Exclude the pictures from your copy, and reproduce each entry below verbatim.

• • • •

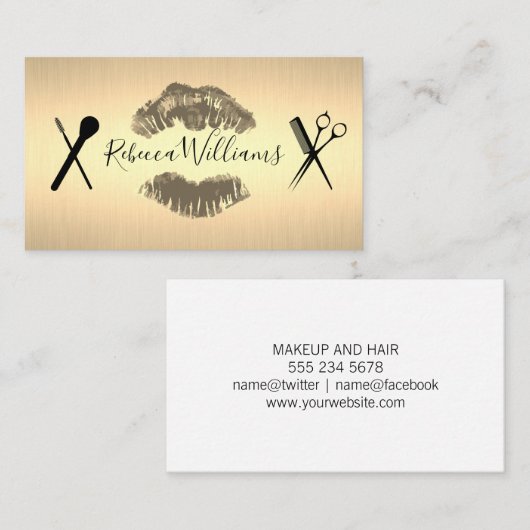 Goud Metallic/Make-up en Haar Visitekaartje (Voorkant / Achterkant)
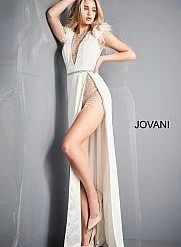 Backless Dresses Jovani 02833 Fitted Romper With Overskirt Side Slit Feather Shoulders Open Back 10 Backless Dresses Jovani 02833 Fitted Romper With Overskirt Side Slit Feather Shoulders Open Back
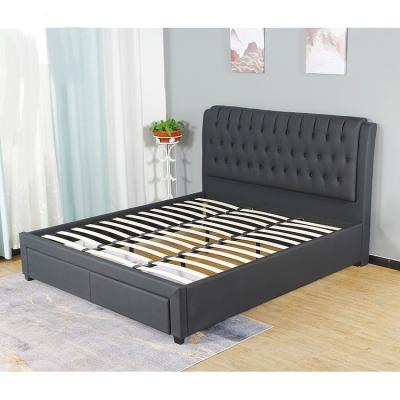 China Free Sample Tufted Faux Leather Platform Upholstered King Queen Size Bed Upholstered Frame With Storage Drawers for sale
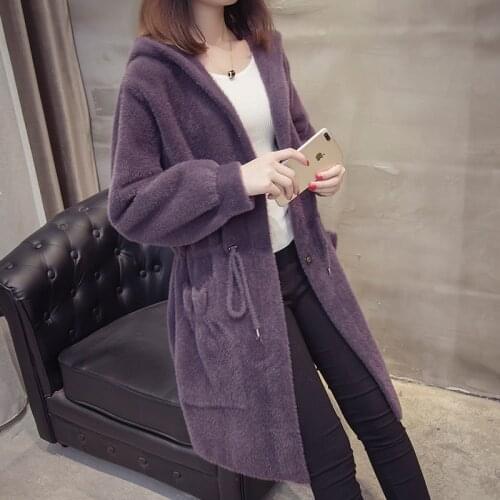 Women 2020 New Autumn Winter Imitation Mink Cashmere Knitted Cardigans Loose Casual Korean Female Hooded Sweater Outerwear M399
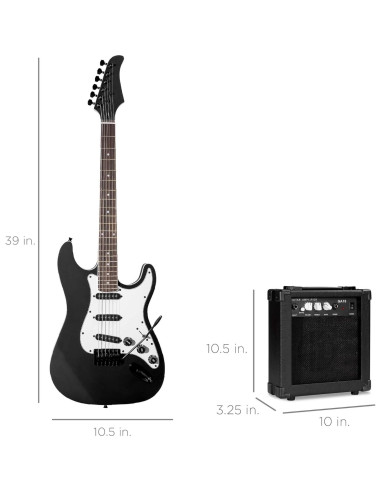 Guitarra Eléctrica Completa 39" Negro Azabache con Amplificador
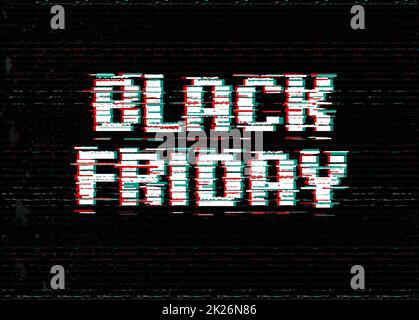 Venerdì nero Promo Design Tipografia. Shop banner con effetto di Glitch Testo. Illustrazione Vettoriale. Foto Stock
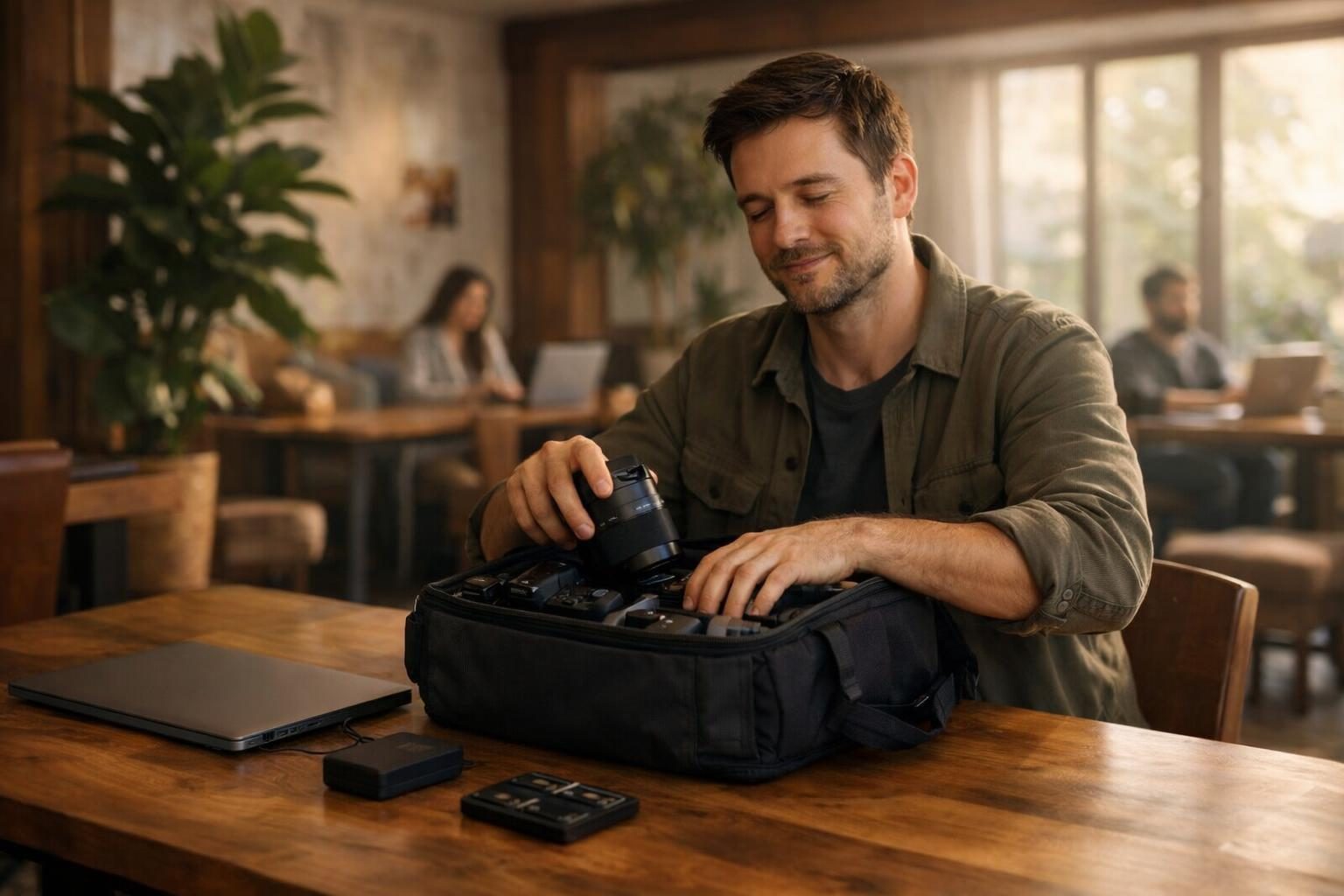 A content creator packing camera gear in a warm co-working space with plants, looking relieved after completing a client delivery in soft morning window light.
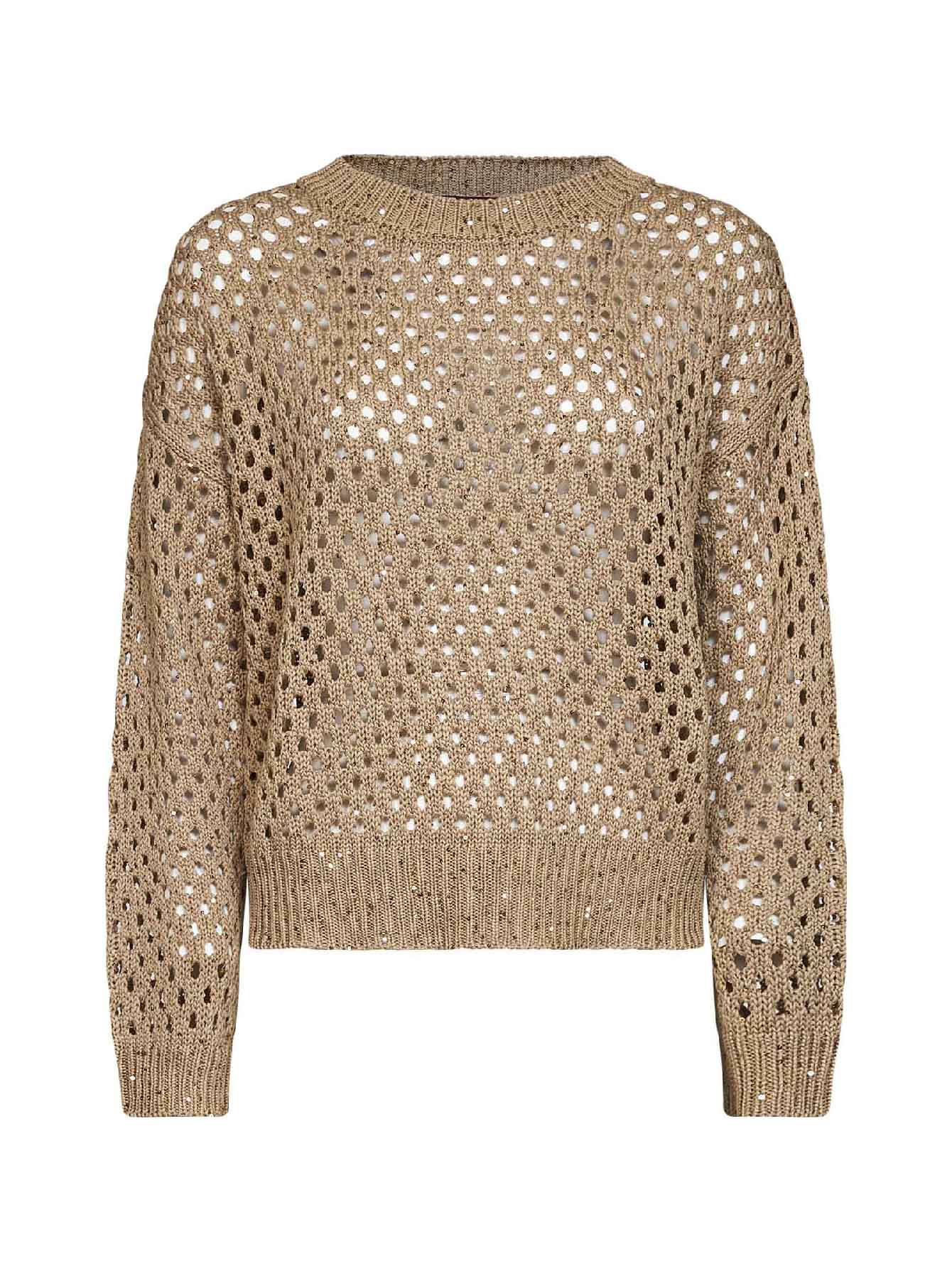Maglia boxy con paillettes MSTGEYSER cammello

• • • •

Response below:
 Goud Metallic/Make-up en Haar Visitekaartje (Voorkant / Achterkant)
 Backless Dresses Jovani 02833 Fitted Romper With Overskirt Side Slit Feather Shoulders Open Back 10 Backless Dresses Jovani 02833 Fitted Romper With Overskirt Side Slit Feather Shoulders Open Back
 China Free Sample Tufted Faux Leather Platform Upholstered King Queen Size Bed Upholstered Frame With Storage Drawers for sale
 Women 2020 New Autumn Winter Imitation Mink Cashmere Knitted Cardigans Loose Casual Korean Female Hooded Sweater Outerwear M399
 Guitarra Eléctrica Completa 39" Negro Azabache con Amplificador
 Venerdì nero Promo Design Tipografia. Shop banner con effetto di Glitch Testo. Illustrazione Vettoriale. Foto Stock
 A content creator packing camera gear in a warm co-working space with plants, looking relieved after completing a client delivery in soft morning window light.
Maglia boxy con paillettes MSTGEYSER cammello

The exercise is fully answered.